De rechtbank achtte de tenlastelegging mensenhandel met het oog op de uitbuiting van bedelarij en de tenlastelegging uitbuiting van bedelarij tegen één van de Slowaakse beklaagden bewezen. Die had de bedelarij van een gehandicapte landgenoot uitgebuit. De burgerlijke partijen vroegen om herkwalificatie van de tenlastelegging mensenhandel door er de verzwarende omstandigheid aan toe te voegen dat de activiteit een gebruikelijk karakter had. De rechtbank stemde daarmee in. Uit de verklaringen van de burgerlijke partijen bleek dat beklaagde voordien al met dezelfde bedoelingen in België was geweest. Die verklaringen werden gestaafd door internationale politionele informatie die in het kader van het onderzoek was verzameld; daaruit bleek dat ook in Duitsland en Slovenië onderzoeken tegen beklaagde liepen, voor dezelfde feiten.

De burgerlijke partijen vroegen ook om herkwalificatie van de tenlasteleggingen door er de verzwarende omstandigheid van listige kunstgrepen of dwang aan toe te voegen. De rechtbank stemde daarmee in voor de twee slachtoffers die zich burgerlijke partij hadden gesteld.
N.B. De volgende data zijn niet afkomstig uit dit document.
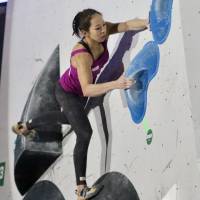 Veteran boulderer Akiyo Noguchi competes during the Bouldering Japan Cup women\'s finals on Sunday at Komazawa Olympic Park. | KAZ NAGATSUKA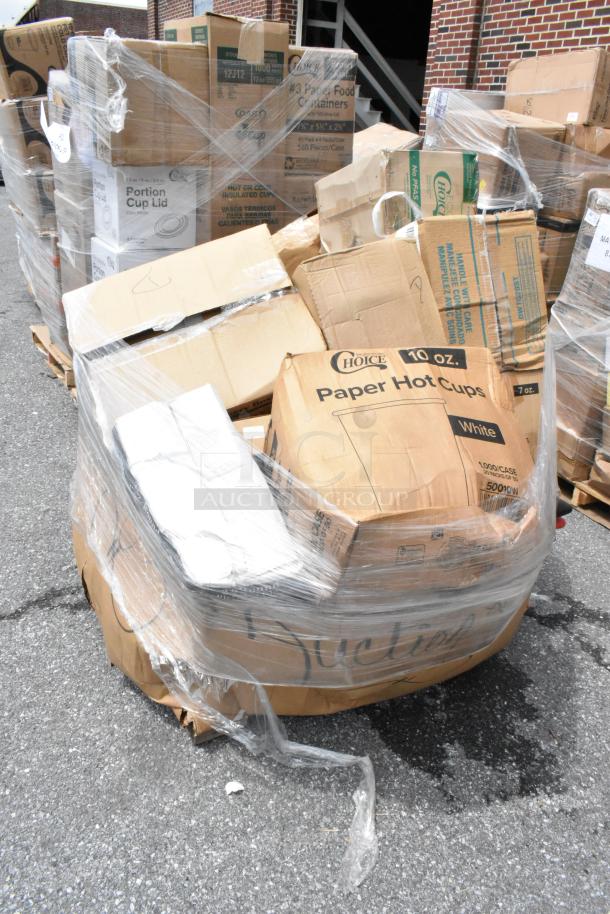 Pallet of cardboard boxes wrapped in plastic, containing various disposable food containers and cups. Boxes labeled "Choice Paper Hot Cups."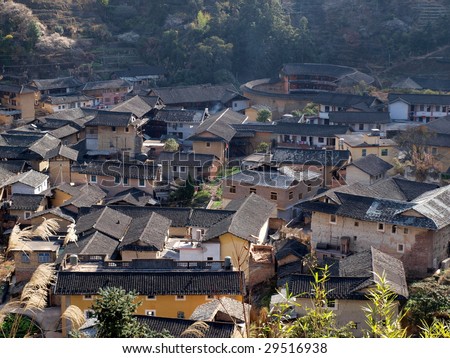 Chinese village in Fujian which is special for the Earth Tower of Hakka -an ancient Chinese building in Hujian, China which was in the list ofthe world heritage by UNESCO.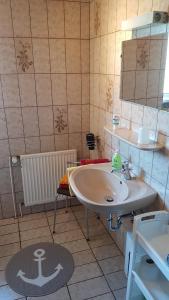 Kúpeľňa v ubytovaní Hausnordlicht FEWO 4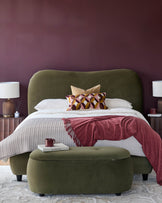 Olive green bed with matching ottoman and bedside tables. Features a plum-coloured feature wall.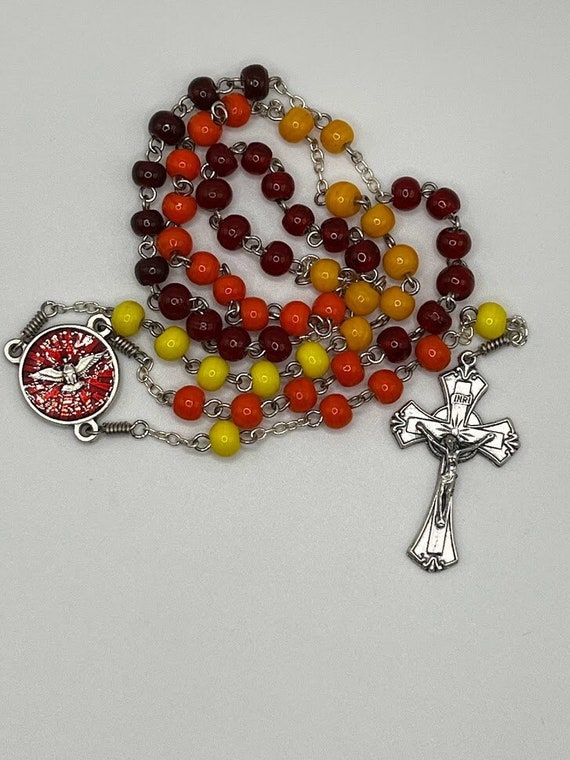 21" red/orange/yellow glass bead rosary with Holy Spirit center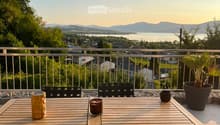 Balcony with wooden table, black chairs, and scenic view of a lake and mountains.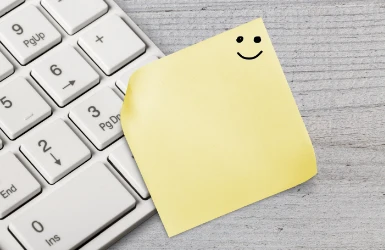 Notizzettel mit Smiley auf Tastatur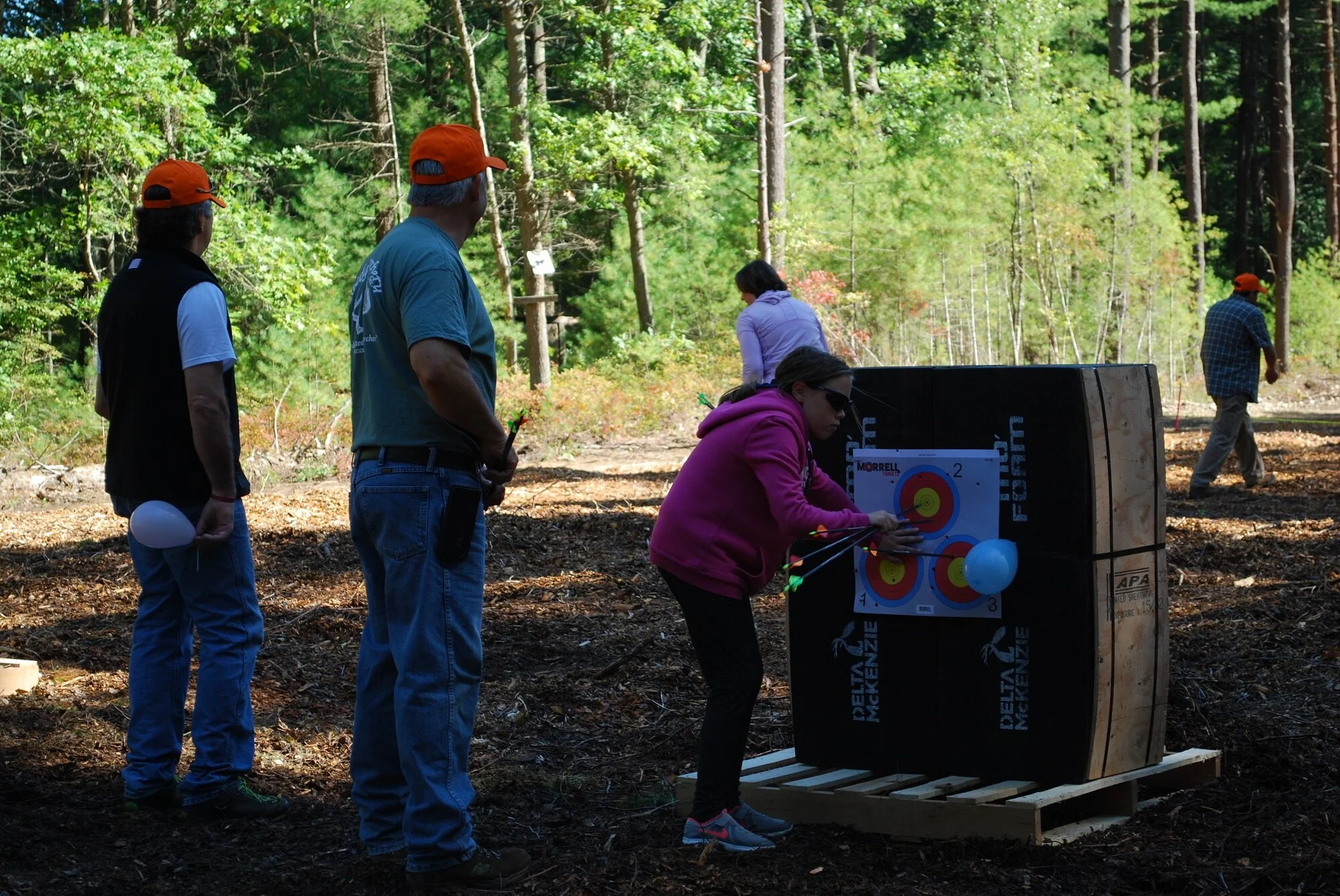 People participating in an outdoor archery activity in a wooded area; one person is aiming at a target, while others observe.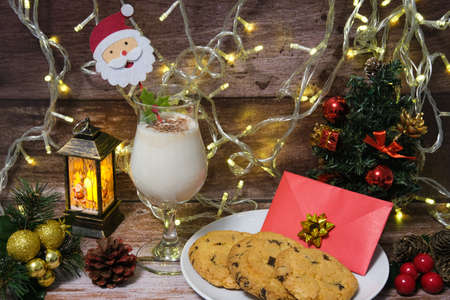 Milk with Christmas cookies for santa claus on a wooden table, selective focus.の写真素材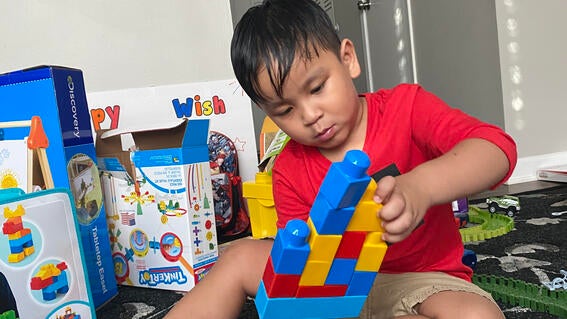 Boy in red shirt holds large building blocks.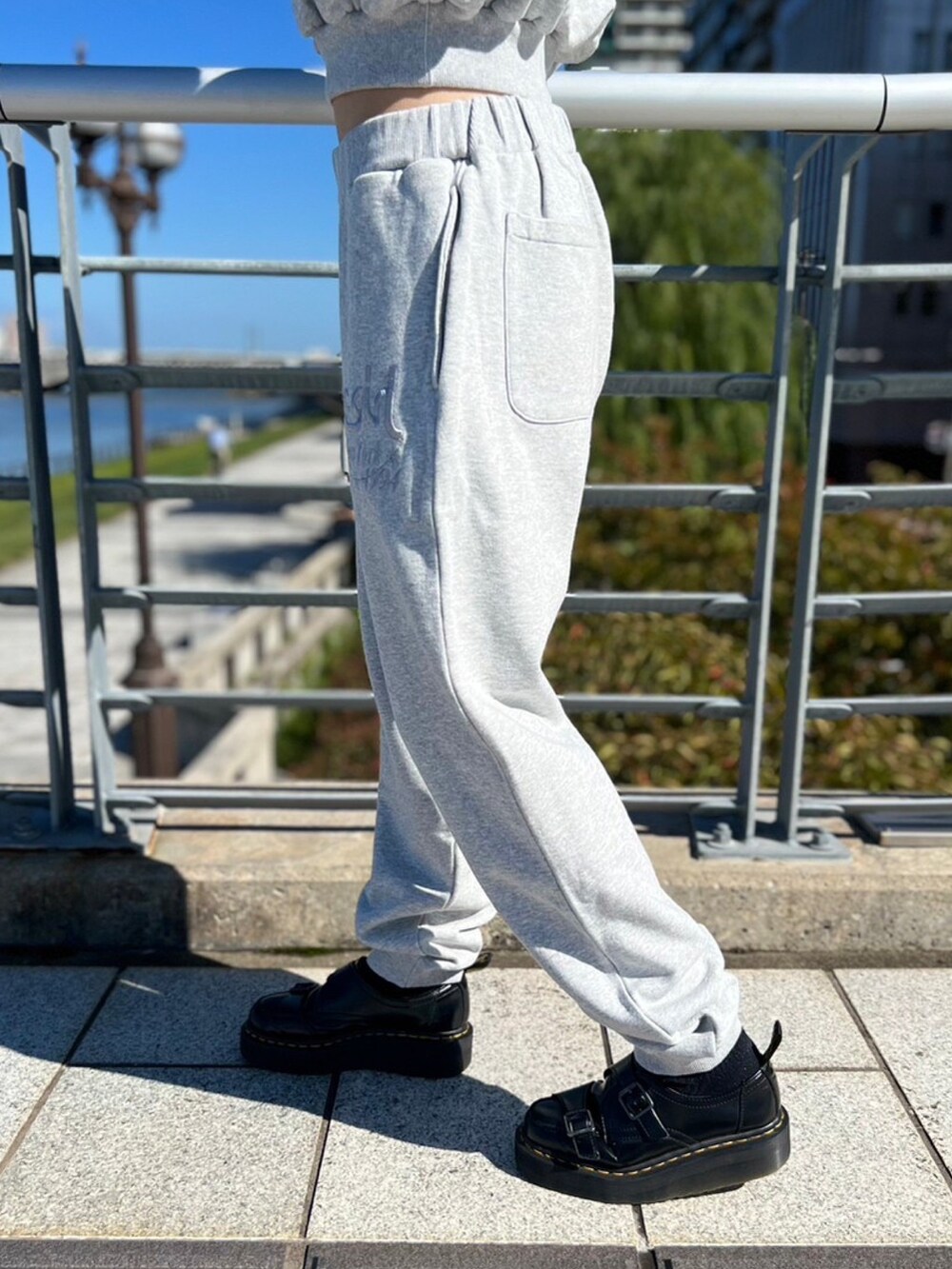 グレー系のスウェットパンツ、グレー系のパーカー、ブラック系のスタジャンを着用したレディースの秋コーディネートの5枚目の写真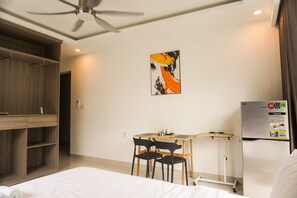 Habitació d'hotel amb un llit, una escriptori amb cadires, un ventilador de sostre, un frigorífic penjat a la paret i un quadre.
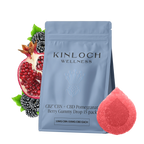 Blue stand-up pouch labeled Kinloch Wellness CBZ CBN + CBD Pomegranate Berry Gummy Drop 15 pack, beside a halved pomegranate, blackberries, and a red sugar-coated gummy.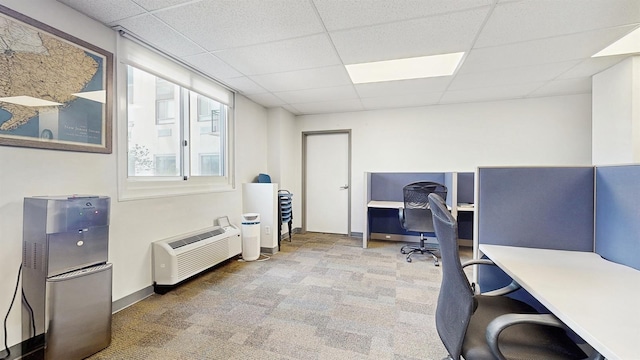 carpeted office featuring baseboards, a wall mounted AC, and a drop ceiling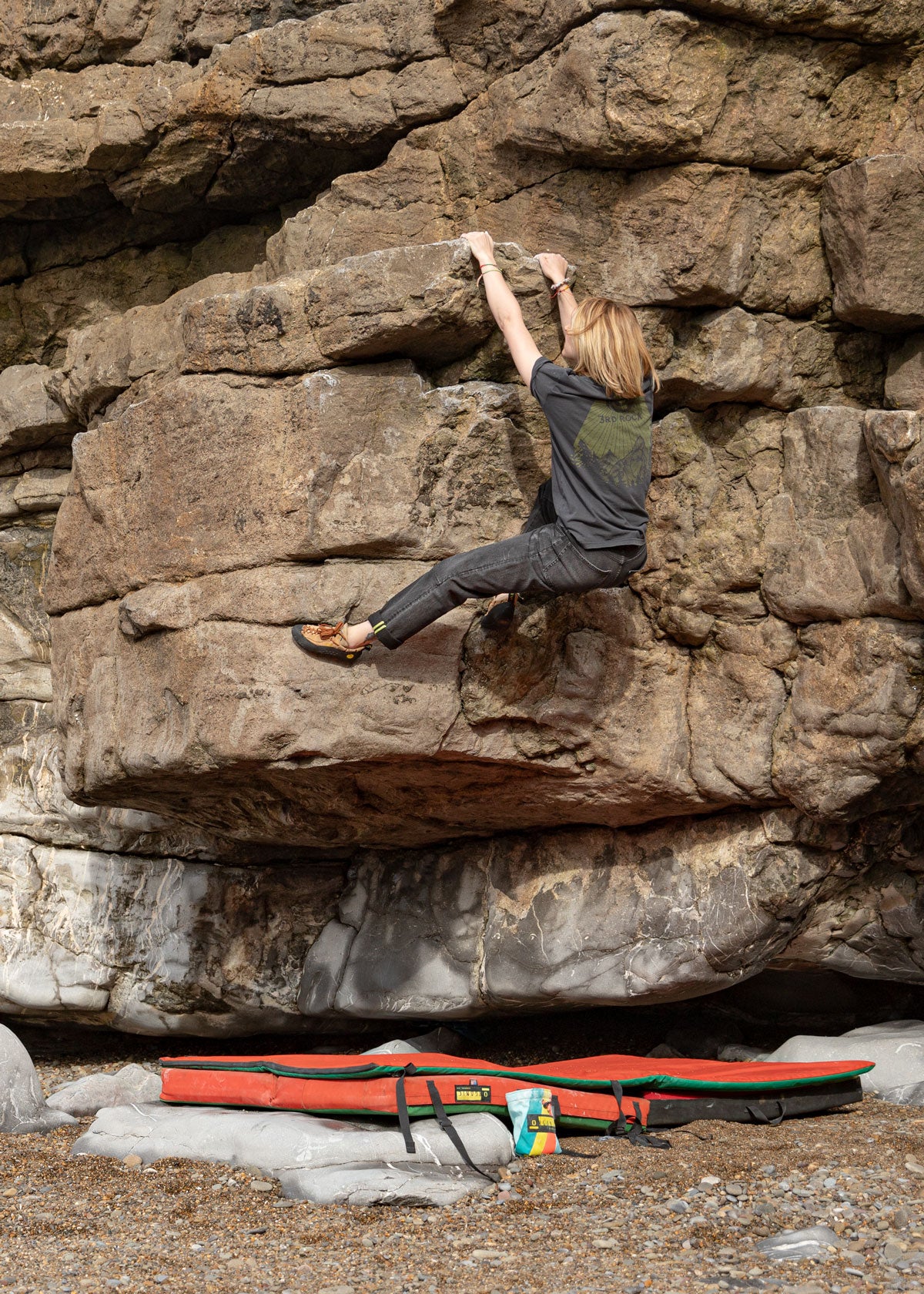 Becky rocking the Mars when bouldering in South wales. F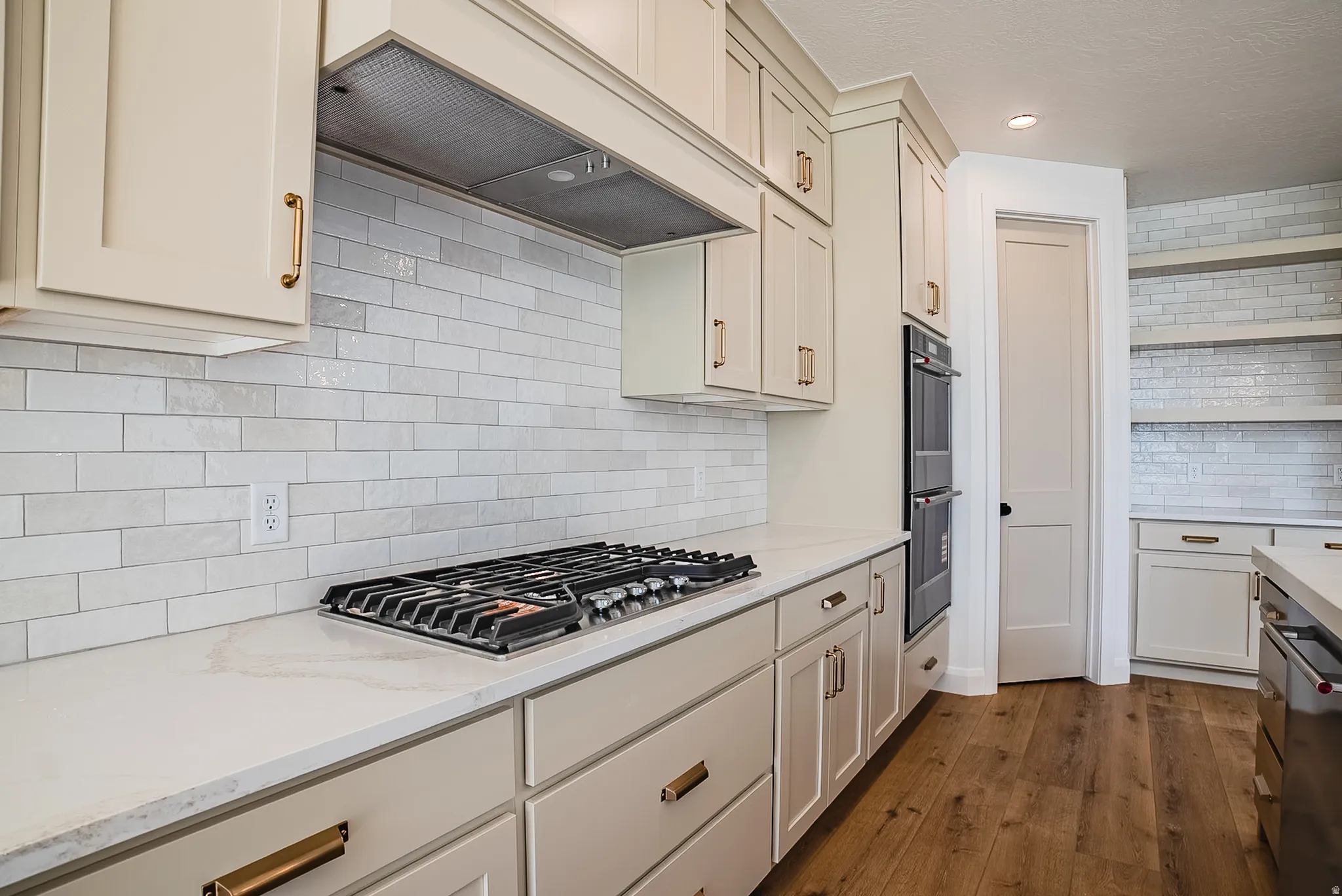 Kitchen featuring light cabinetry with brass-finish hardware, a gas cooktop, double wall ovens, white subway tile backsplash, and wood-finish flooring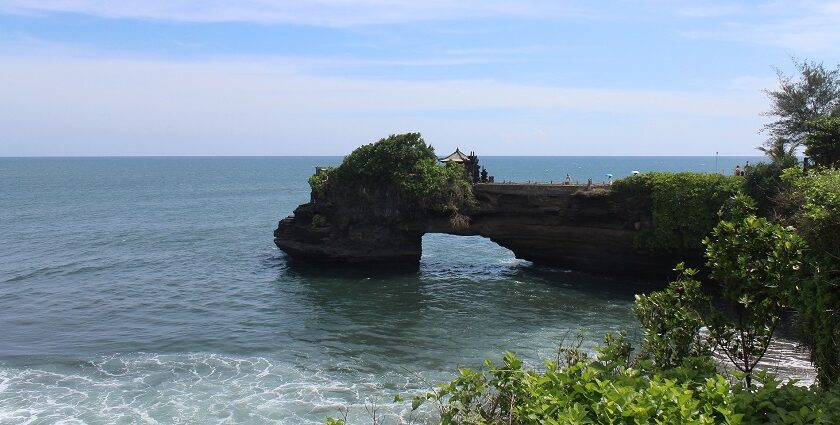 An image showing Uluwatu Temple in Bali situated on a dramatic cliffside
De beklaagde was ze immers komen ophalen in de Slowaakse instelling waar ze waren geplaatst; hij had daarbij aangevoerd dat ze er bij hem beter aan toe zouden zijn. Maar bij hem thuis moesten ze een kamer delen met andere personen met een handicap. De beklaagde eigende zich bovendien alle sociale uitkeringen toe die ze in Slovakije ontvingen.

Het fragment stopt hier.